Modern classical piano music at it's finest 
I was not a fan of classical music (or piano music for that matter) until I heard Elijah play. It's amazing. Let me know what you think 
http://www.elijahbossenbroek.com

Also check on youtube:


----------



## Mirror Image

littleirishmama said:


> Modern classical piano music at it's finest
> I was not a fan of classical music (or piano music for that matter) until I heard Elijah play. It's amazing. Let me know what you think
> http://www.elijahbossenbroek.com
> 
> Also check on youtube:


I didn't find it amazing at all. I found it rather elementary and amateurish.

Please don't crawl all over me because I gave my opinion. I'm just being honest.


----------



## Tapkaara

It's not all that bad, though I wouldn't call this classical. It sounds more pop (in an Elton John or Tori Amos sort of way) or New Agey. Sounds like something you would encounter on a CD your massage therpist would have going in the background. But classical? Naw, especially if you compare this to Beethoven, Chopin, Liszt, etc.
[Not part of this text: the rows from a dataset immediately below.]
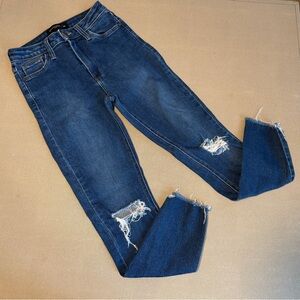 Just Black Dark Denim Distressed Jeans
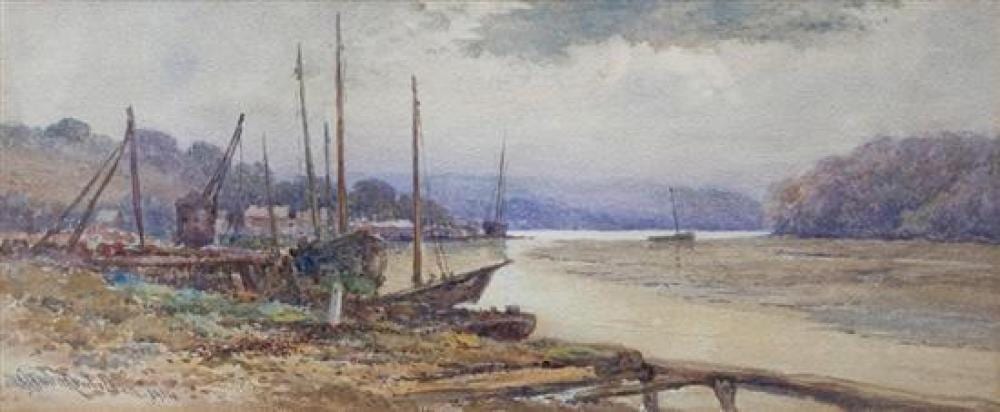 claude hamilton rowbotham british 1864 1949 boats moored on an estuary possibly helford cornwallwatercolour · Martel Maides · 2019-10-18 Claude Rowbotham comparable auction result: claude hamilton rowbotham british 1864 1949 boats moored on an estuary possibly helford cornwallwatercolour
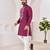 Ethnic wine roman silk kurta with front embroidery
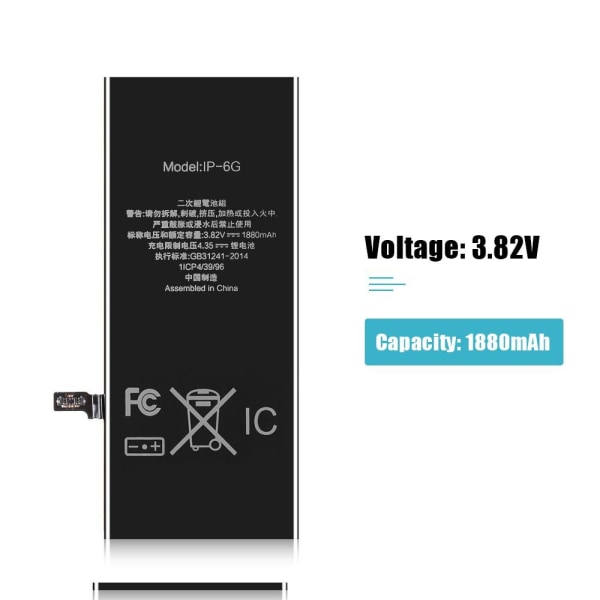 iPhone 6s IPARTS EXPERT 1880mAh Batteri FCC/CE/RoSH Svart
This is a talented guy, to be sure. But I don't think it would appeal to me. But best of luck to this artist...!


----------



## nahkaiser

he isn't so bad but i would agree with tapkaara, he seems quite like the elton john type and i don't find his music anymore amazing then that. the piece itself doesn't seem to have any clearly defined structure at all. so classical can't be it. good luck to the man though.


----------



## Mirror Image

Perhaps my opinion was a little harsh. 

How about this, he is probably a very skilled pianist, but what he played doesn't appeal to me.


----------



## JoeGreen

I actually liked it, I won't be crazy about it, but still it was nice.


----------



## Bach

littleirishmama said:


> Modern classical piano music at it's finest







I'm not going to bother listening to your elevatorised crossover pap.


----------



## PostMinimalist

Bach said:


> I'm not going to bother listening to your elevatorised crossover pap.


DITTO

I too can copy Wim Mertens but unlike some I have the sense not to.

Fc


----------



## littleirishmama

Yikes....some pretty harsh critics here. 
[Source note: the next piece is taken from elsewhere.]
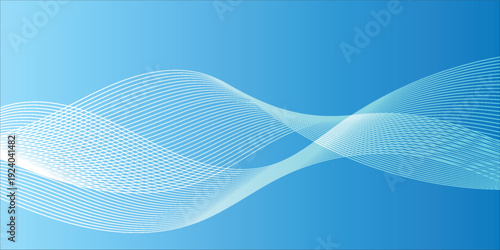 Abstract Blue Wave Lines Gradient Background,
Thanks for the positive remarks from most of you. He is an indie artist and is pretty new, so give the guy a break.


----------



## jaydenhoward87

not so bad...


----------



## Tapkaara

Bach said:


> I'm not going to bother listening to your elevatorised crossover pap.


Hahaha, Bach is rarely at a loss for words. Those Brazilians are always so...spicy.


----------



## Herzeleide

Bach said:


> I'm not going to bother listening to your elevatorised crossover pap.


Boulez 3! What an excellent antidote.


----------